Because of the sizeable overlap between Embiid and Simmons’ skill sets, neither player can fully optimize their strengths when on the court together. With Simmons at the helm, Embiid can’t dominate in the paint and instead has to bide his time outside the arc as a spot up 3 point shooter. This strategy can stagnate the offense, and force Embiid to drive to the basket facing the basket, where his less-than-elite ball handling can get exposed.
And as for Simmons, well, his whole game is built on playing fast, and that’s a whole lot harder to do with Embiid at the five. When paired up with a smaller ball lineup, Simmons becomes elite in the full-court press, where his size, speed, and basketball instincts are virtually unguardable when paired up with a quartet of competent outside shooters.
So, hear me out here, why not play the duo together as little as possible?
I mean think about it, Embiid and Simmons play roughly 32 and 36 minutes in any given game respectfully. With NBA regulation lasting 48 minutes, that means there are roughly 16 minutes a night when Embiid is off the court, and 12 minutes with Simmons off the court.
Brett Brown should be able to work with that.
Sure, you’ll still get four-to-six minutes at the top of a game when the Sixers will roll with their starting five, and a similar stretch in the fourth quarter of any relatively close game, but outside of that, let’s say 16 minutes of action each night, why not split up Embiid and Simmons almost exclusively, with a collection of sets built around either player’s strengths.

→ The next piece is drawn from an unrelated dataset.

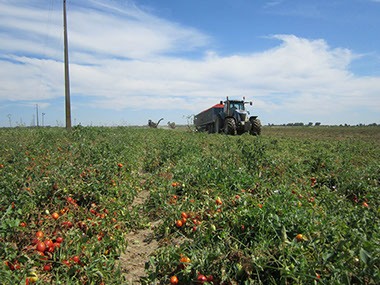 A área de produção da Tomataza localiza-se na região do Ribatejo, na Lezíria do rio Tejo,&nbsp; concelhos de Azambuja, Cartaxo e Santarém.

Granted, it would take some tweaking, and the team would probably have to retool the bench with a few better fitting reserves, as Embiid really deserves a chance to play with a traditional point guard at some point in his career, but why allow external ‘experts’ to separate the Sixers’ two stars when the team itself can do two separate but equal schematic ideologies tailored to either player’s strengths?
Embiid and Simmons would still have to compromise when on the court together, but in any team sport who doesn’t?
Unlike a team like the Milwaukee Bucks who are built around a singular star, the Philadelphia 76ers have the unique challenge of having two incredibly talented young stars who don’t quite fit together on the court. While having two stars is certainly better than one, it also presents unique challenges that have to be overcome to build a championship contender. By allowing Joel Embiid and Ben Simmons to each be the focal point of an offense for roughly a third of the game, it could give each player a chance to shine and Brett Brown a one-two punch unlike any in the league right now.